SDP is a continuation of the BIRNDL (https://philippmayr.github.io/BIRNDL-WS/)
and WOSP (https://wosp.core.ac.uk/) workshop series.

Workshop Date and Venue: November 11/12, Punta Cana, Dominican Republic

Website: https://ornlcda.github.io/SDProc/

A tweet to this cfp is also on Twitter: Please share!

<https://twitter.com/SDProc/status/1235405786068602880>

** Introduction **

In addition to the long-standing challenge faced by scholars of keeping up with
the growing literature in their own and related fields, they must now compete
with malign pseudo-science and dis-information in informing public policy and
behavior. This has stimulated workshops and research focused on enhancing
search, retrieval, summarization, and analysis of scholarly documents. However,
the general research community on scholarly document processing remains
fragmented, and efforts towards natural language understanding of scholarly
text that is central to vastly improve all the said downstream applications are
not widespread.

To address these gaps, we, the organizers of BIRNDL and WOSP workshops, propose
the first Workshop on Scholarly Document Processing. We seek to reach to the
broader NLP and AI/ML community to pool the distributed efforts to improve
scholarly document understanding and enable intelligent access to the published
research. The goal of SDP is two-fold: to increase collaboration between
communities interested in leveraging knowledge stored in scientific literature
and data and to establish SDP as the single-focused primary venue for the field.

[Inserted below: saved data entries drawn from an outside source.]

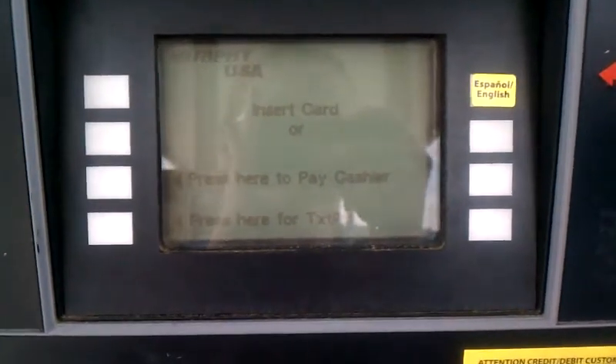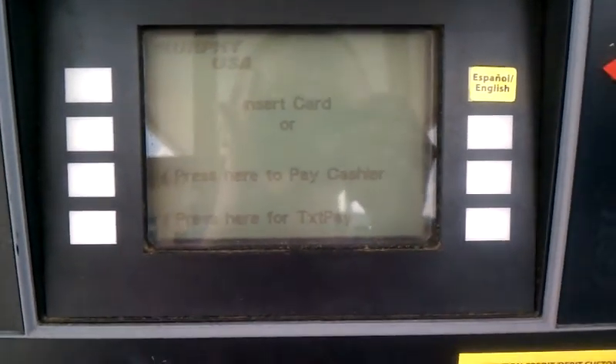I spoke to you recently about using Murphy's, sometimes known as TaxPay, and I wanted to show how easy it was to use at the pump.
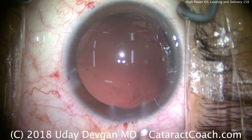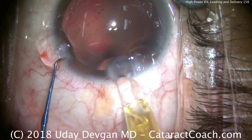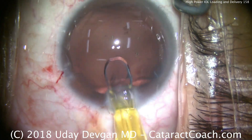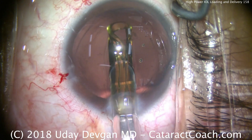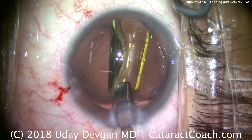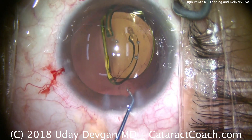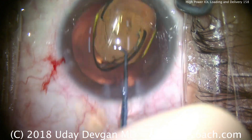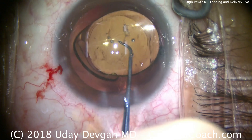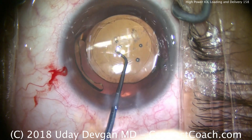We're going to fixate the eye with the chopper again — that's important because this cartridge is barely going to fit in the incision. There's the tip going in. As you advance it, if you feel resistance, stop. That means you don't have enough viscoelastic lubrication in the cartridge or the cartridge is too small. Using too small a cartridge will damage or crack the IOL optic. It's always better to enlarge the incision and use a bigger cartridge tip than to force it through a small one.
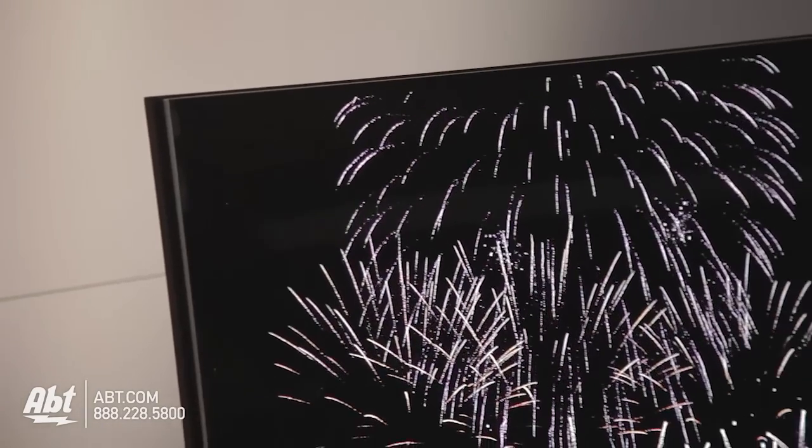Hey guys, it's Josh from Apto Electronics here at CES 2013, and we're checking out the just released, as of this morning, Samsung Curved OLED.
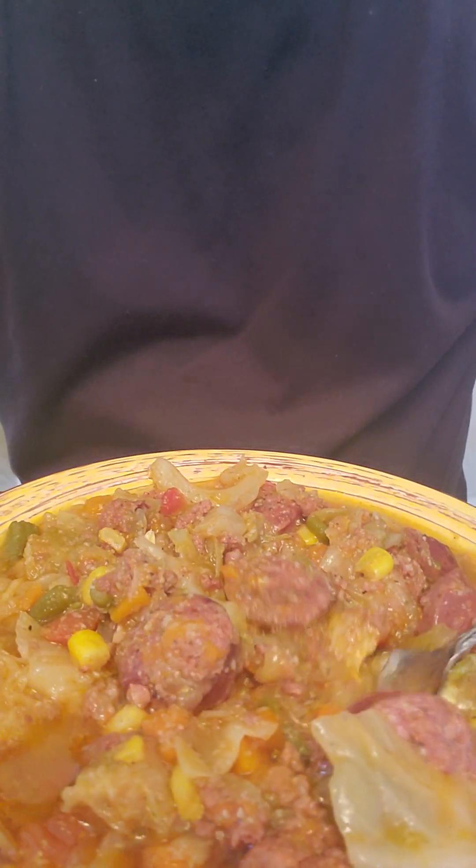This is my soup — cabbage soup that I've got going on here. I took my time with it. I have my smoked sausage in there, some ground beef, some mixed vegetables, a lot of cabbage.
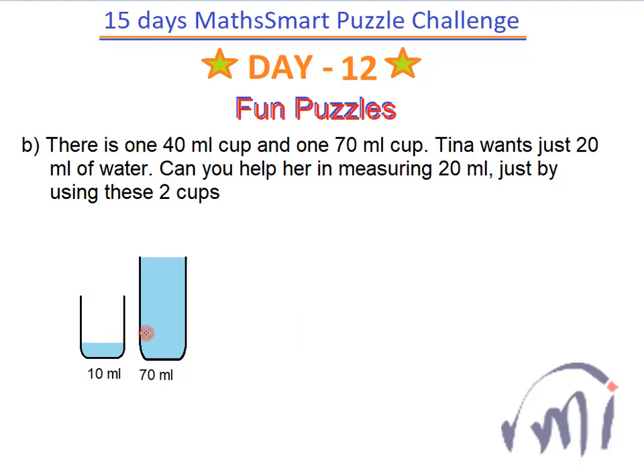After this I will empty this bigger cup, so it will now have 0 ml of water inside it. Then this 10 ml which we have in the smaller cup I'll pour into this bigger cup. So this bigger cup will now have 10 ml of water and the smaller cup will be empty. Now again I'll fill this smaller cup to its full capacity of 40 ml, and then pour this whole 40 ml into the bigger cup. So the smaller cup will be empty and the bigger cup will have a total of 50 ml.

We seek to appeal to the mainstream NLP and ML community working on SDP tasks –
which are NLP tasks – to publish at SDP as we seek to establish SDP as the
integrated premier venue. We have established a steering committee to help us
turn SDP into a conference in the forthcoming years.

** Topics of Interest **

We invite submissions from all communities interested in natural language
processing, information retrieval, and data mining problems in scientific
documents; and in processing scientific documents for easier access to various
audiences. The topics of interest include, but are not limited to:

· Information extraction, text mining and parsing scholarly literature

· Reproducibility and peer review

· Lay Summarization (i.e., summaries created for non-experts) of individual and
collections of scholarly documents

· Discourse modeling and argument mining

· Summarization and question-answering for scholarly documents

· Semantic and network-based indexing, search and navigation in structured text

· Graph analysis/mining including citation and co-authorship networks

· Analysing and mining of citation contexts for document understanding and
retrieval

· New scholarly language resources and evaluation

· Connecting and interlinking publications, data, tweets, blogs or their parts

· Disambiguation, metadata extraction, enrichment, and data quality assurance
for scholarly documents

· Bibliometrics, scientometrics, and altmetrics approaches and applications

· Other aspects of scientific workflows including open access/science, and
research assessment

· Infrastructures for accessing scientific publications and/or research data

** The 6th Computational Linguistics Scientific Document Summarization Shared
Task (CL-SciSumm 2020) **

(Organisers: Muthu Kumar Chandrasekaran)

CL-SciSumm is the first medium-scale shared task on scientific document
summarization, with over 500 annotated documents. Last year's CL-SciSumm shared
task introduced large scale training datasets, both annotated from ScisummNet
and auto-annotated. For the task, Systems were provided with a Reference Paper
(RP) and 10 or more Citing Papers (CPs) that all contain citations to the RP,
which they used to summarise RP. This was evaluated against abstract and human
written summaries on ROUGE.

The task is defined as follows:

· Given: A topic consisting of a Reference Paper (RP) and Citing Papers (CPs)
that all contain citations to the RP. In each CP, the text spans (i.e.,
citances) have been identified that pertain to a particular citation to the RP.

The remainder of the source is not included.